When Jonathan Pokluda was preparing to speak at a college worship gathering at Auburn University in the fall of 2023, the Waco, Texas, pastor was expecting a respectable crowd: maybe 500 students. After all, it was smack in the middle of football season in Alabama, and the event had only been in the works six weeks.
In fact, Pokluda had initially declined on such short notice. Yet a small but burgeoning group of college coeds and a prayer-warring Bible study mentor named Tonya Prewett, wife of Auburn assistant basketball coach Chad Prewett, had been pleading with God to move on their campus.
Pokluda, who was a friend of Prewett’s son-in-law, was stunned when he walked into Neville Arena that evening.

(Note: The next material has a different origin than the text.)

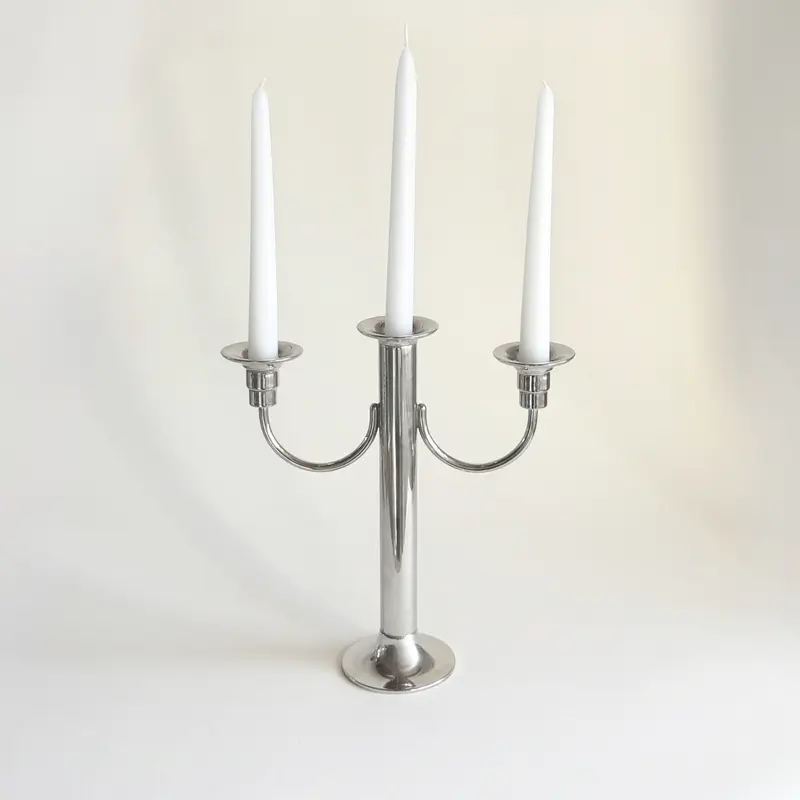 Stainless Steel Candle Holder | 3-Arm · Art Deco · 25 cm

Instead of 500, some 5,000 students were waiting to hear Passion Music, Bible teacher Jennie Allen, and Pokluda.
“There was just this palpable hunger and thirst for Christ and the sense that it was the prayers of other people that I was walking into, which was really humbling,” Pokluda recalled.
He preached a message from 1 Thessalonians 4 about sexual bondage and the freedom that Christ offers. After Pokluda finished and Allen had spoken, Allen wrapped up the meeting by reading text messages from students who had made decisions, including a student who wanted to be baptized right then.
“Is there water nearby?” Pokluda recalled Allen asking.
Within minutes, several thousand students were leaving the arena and walking a few blocks to a nearby landmark, the Red Barn, which sits adjacent to a pond.
“We ended up baptizing 350 college students,” Pokluda said. “And it wasn’t a line-up and dunk. Some of them were 20-minute Gospel conversations. … All of us knew at the end of that night that a movement had started.”